Design patterns covered by this post have been used in Open Loyalty rewarding and CRM platform. Please check it on the github: https://github.com/DivanteLtd/open-loyalty.
Check the code!
Authorization is a key feature of any enterprise grade application. If you remember the beginnings of web 2.0 and Web API’s back then – typical authorization scenario was based on API key or HTTP authorization. With ease of use there were some downsides attached. Basically, these “static” (API key) and not strongly encrypted (basic auth.) methods were secure enough.
Here, delegated authorization methods come into action. By delegated, we mean that authorization can be given by an external system / identity provider. One of the first methods of providing such authentication was the OpenID standard developed around 2005. It might provide a One Login and Single Sign On for any user. Unfortunately, it wasn’t widely accepted by identification providers like Google, Facebook or e-mail providers.
The OAuth standard works pretty similarly to OpenID. The authorization provider allows Application Developers to register their own applications with the required data-scope to be obtained in the name of the user. User – authorizes specific applications to use with their account.
Facebook or Google Account login screens are a well-known part of OAuth authorization.
Authorization screen for Google Accounts to authorize external application to use Google APIs in the name of the user.
After accepting the application request the authority party returns a temporary Access Token which should be used with API calls to verify the user identity. The Internal Authorization server checks tokens with its own database of issued tokens – paired with user identities, ACLs etc.
Authorization tokens are issued for a specific amount of time and should be invalidated after it.
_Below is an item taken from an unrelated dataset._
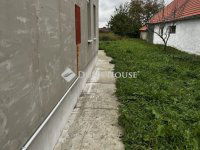 Eladó családi ház, Beziben 38.9 M Ft, 4 szobás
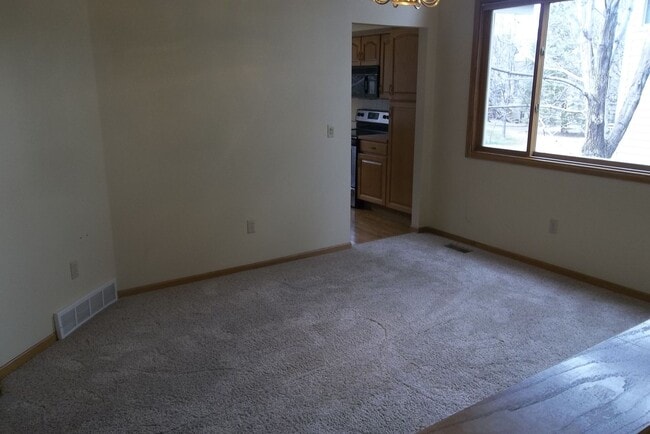 Building Photo - Traditional Elegance with Room to Grow in ...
Token authorization is 100% stateless; you don’t have to use sessions (like with old-good session based authorization). Oauth 2.0 requires SSL communication and avoids additional request-response signatures required by the previous version (request were signed using HMAC algorithms); also workflow was simplified with 2.0 removing one additional HTTP request.
Authorization flow for oauth2.
OAuth tokens don’t push you to display the authentication dialog each time a user requires access to their data. Following this path wouldn’t be possible to check e-mail in the background or do any batch processing operations. So how to deal with such background-operations? You should use “offline” tokens – which are given for longer time periods and can also be used to remember client credentials without requiring login/password each time the user hits your application.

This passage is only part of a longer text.